Basically, a hint is "are the doctors receiving their paycheck directly from the government treasury?". And AFAIK, that's pretty rare (Admittedly, I am going from memory on that, so it's quite possible it's not as rare as I think).
This is nothing more than the "don't you know Nazis were socialists? It says it right in their name - the National Socialists Party! derp derp" argument with more words. Communism and fascism are polar arguments, and no amount of capitalist propaganda is going to change that fact.
And the freedom to go right back to your six figures in student loan debt, and paying five figures in health insurance and deductibles before you get one cent in coverage. And the freedom to move into a cardboard box under a bridge if the capitalist gambles you've taken don't pay off.
And you wonder why millennials compare the shit sandwich that has been handed to them next to the social democracies in Europe, and take a hard pass at the prospect of more shit sandwiches.
Bullshit. The long term health of the union is utterly dependent on the long term health of the industry that employs it. Which means you don't have "unsustainable" wage increases for the workers. As opposed to corporate executives, who DGAF if they run the company into the ground, either because they plan to move onto the next company in short order or collect enough stock option and bonuses to where they can retire.
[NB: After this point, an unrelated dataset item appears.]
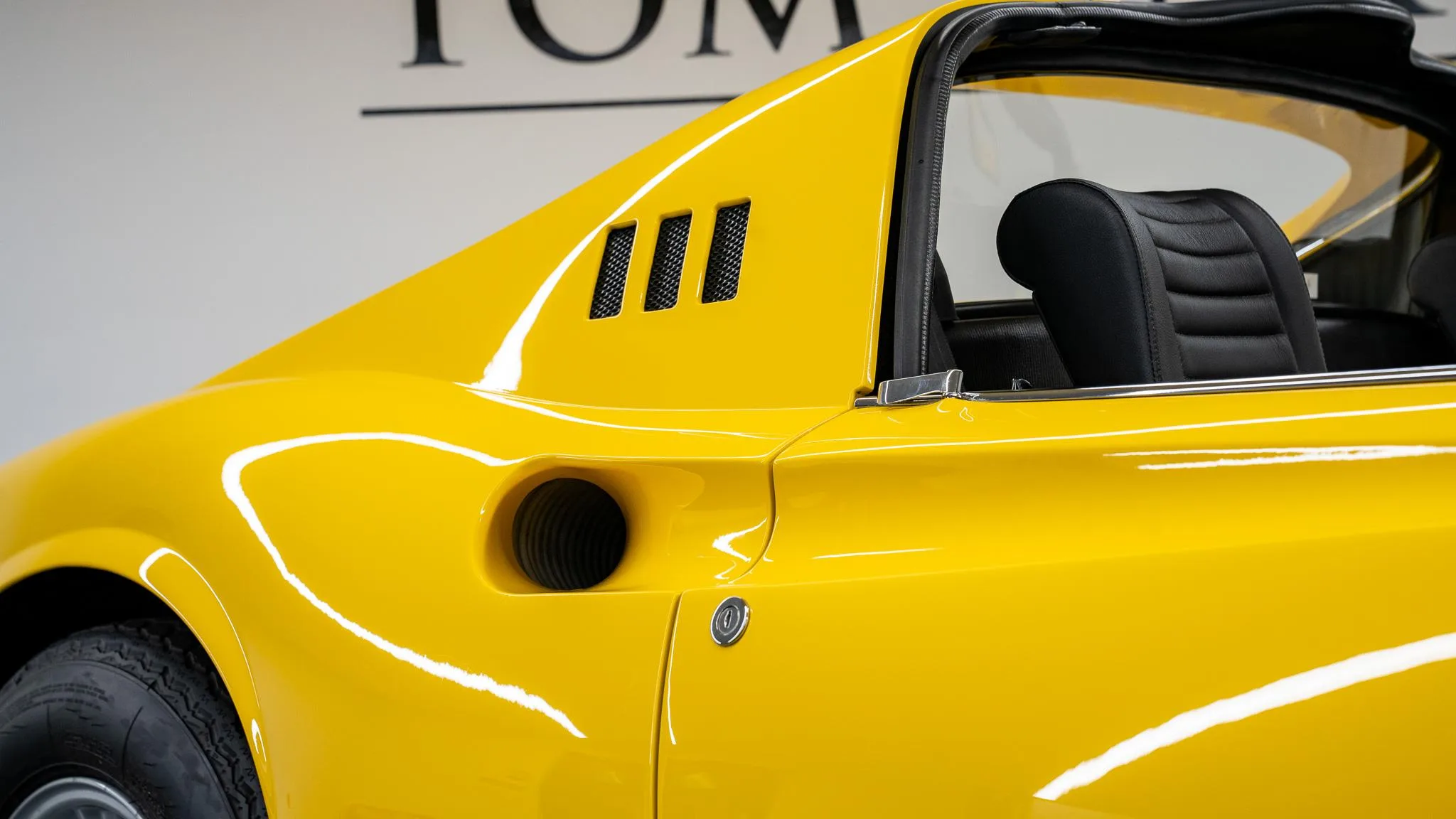 1973 Ferrari Dino 246 GTS, 12/30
No. The goal of libertarianism is to remove any roadblocks to exploitation or inherited wealth, while not wanting to pay any taxes on the ill-gotten gains of said inheritance or exploitation.
It's those same "rules and regulations" (yes, pushed by the left) that attempts to guarantee clean water, clean air, and safe place to live. Without those "job killing regulations" we see time and time again "capitalism" completely destroy the environment, lives, our way of life, and rights, just so those in charge with power can get more power and money,. Don't blame "rules" on the left when the right would happily kill everyone for a dollar. What happened to the GOP being stewards of the budget - as soon as they get a President, the budget deficit skyrockets fed by gimmies to the rich. Look at Wisconsin, Scott Walkers failed deal with Foxconn. Look at Kansas, the GOP slashed taxes and regulations and ultimately devastated the budget. Even the Patriarch of Trickle Down Economics, Ronald Reagan, had to raise taxes 11 times in his 2 terms because his VooDoo economics was such a failure.